>>>>>

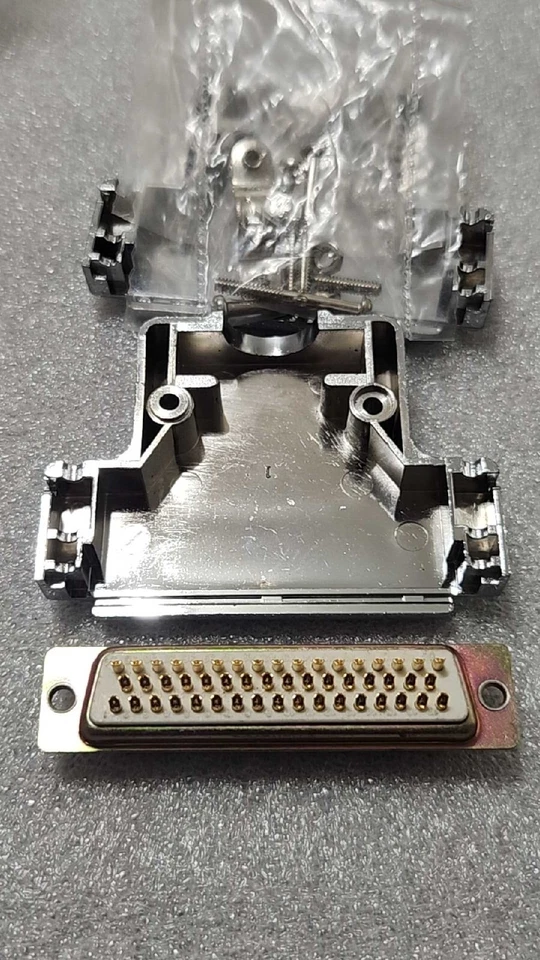 2 Pcs) Cinch D-Sub Connector DD-50P  50 Pins Gold Plated 3 Row  Shell Screw Lock - Image 3 of 4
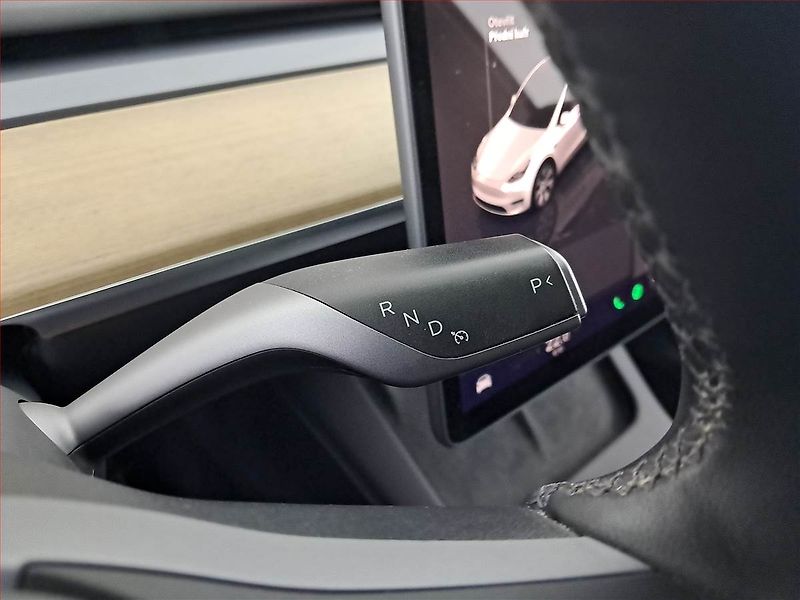 Tesla Model Y (2022) Long Range AWD 79kWh, SoH 92% - fotka 13 z 25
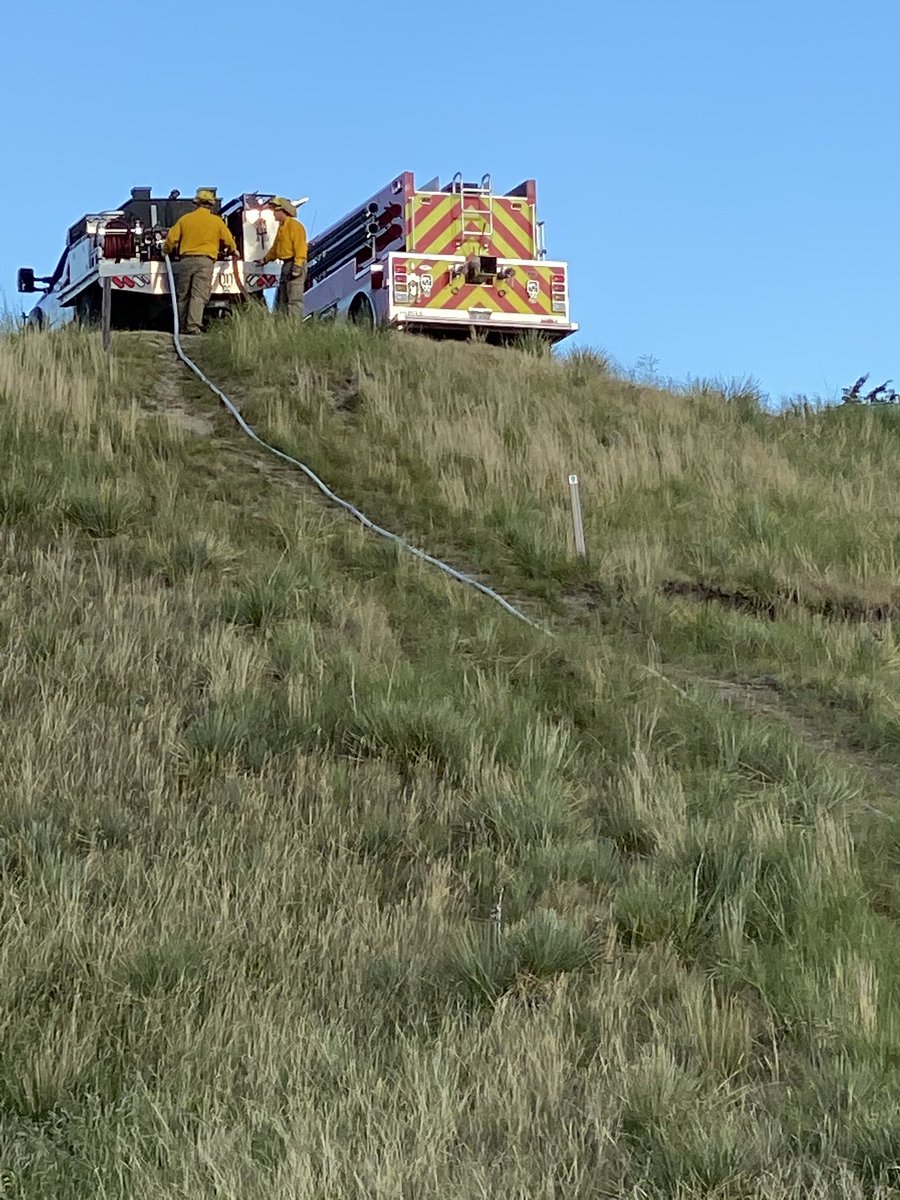 Jason3602's tweet image. Progressive hose lay training last night for Pierre Rural firefighters. Thanks to the Fort Pierre National Grasslands crew for instructing!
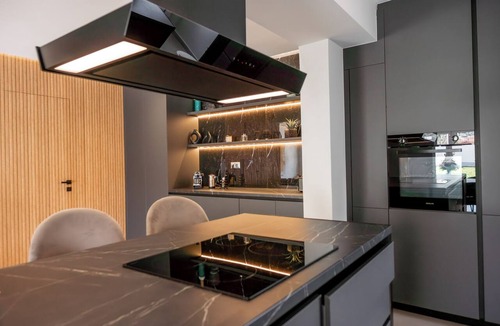Anavyssos House | Aeliah Villa – Minimal Design & Modern Comfort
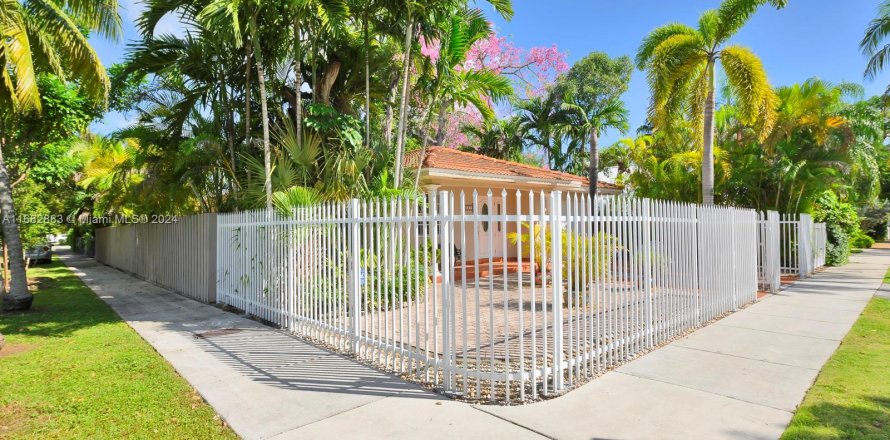 Casa en Miami, Florida 3 dormitorios, 163.79 m2 № 1418484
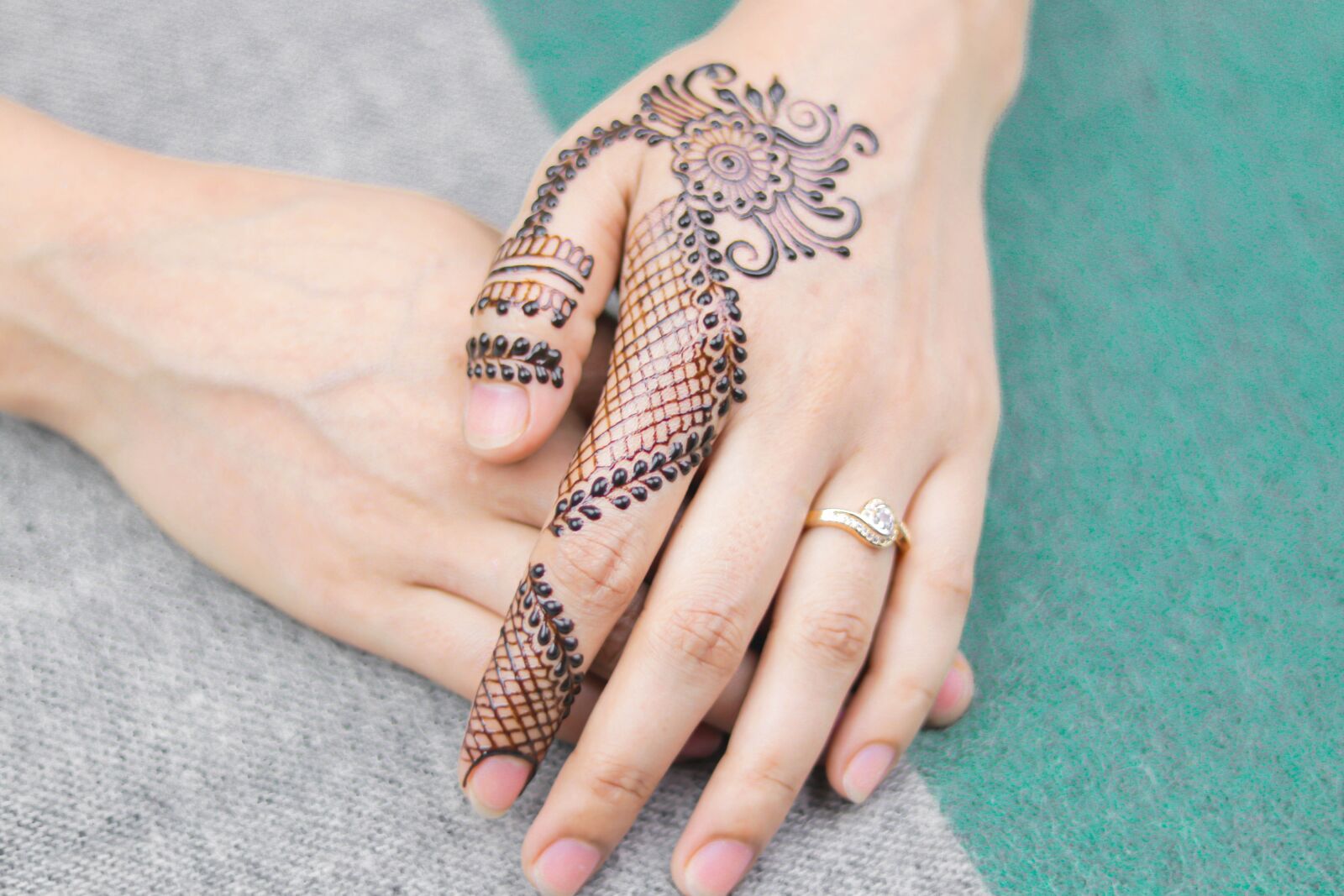 Canon EOS 80D sample photo. Jewellery, draw, palm photography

<<<<<

# [ABOUT THIS TASK]
Return the material above verbatim, minus the pictures.

# [ANSWER SECTION]
 2 Pcs) Cinch D-Sub Connector DD-50P  50 Pins Gold Plated 3 Row  Shell Screw Lock - Image 3 of 4
 Tesla Model Y (2022) Long Range AWD 79kWh, SoH 92% - fotka 13 z 25
 Jason3602's tweet image. Progressive hose lay training last night for Pierre Rural firefighters. Thanks to the Fort Pierre National Grasslands crew for instructing!
Anavyssos House | Aeliah Villa – Minimal Design & Modern Comfort
 Casa en Miami, Florida 3 dormitorios, 163.79 m2 № 1418484
 Canon EOS 80D sample photo. Jewellery, draw, palm photography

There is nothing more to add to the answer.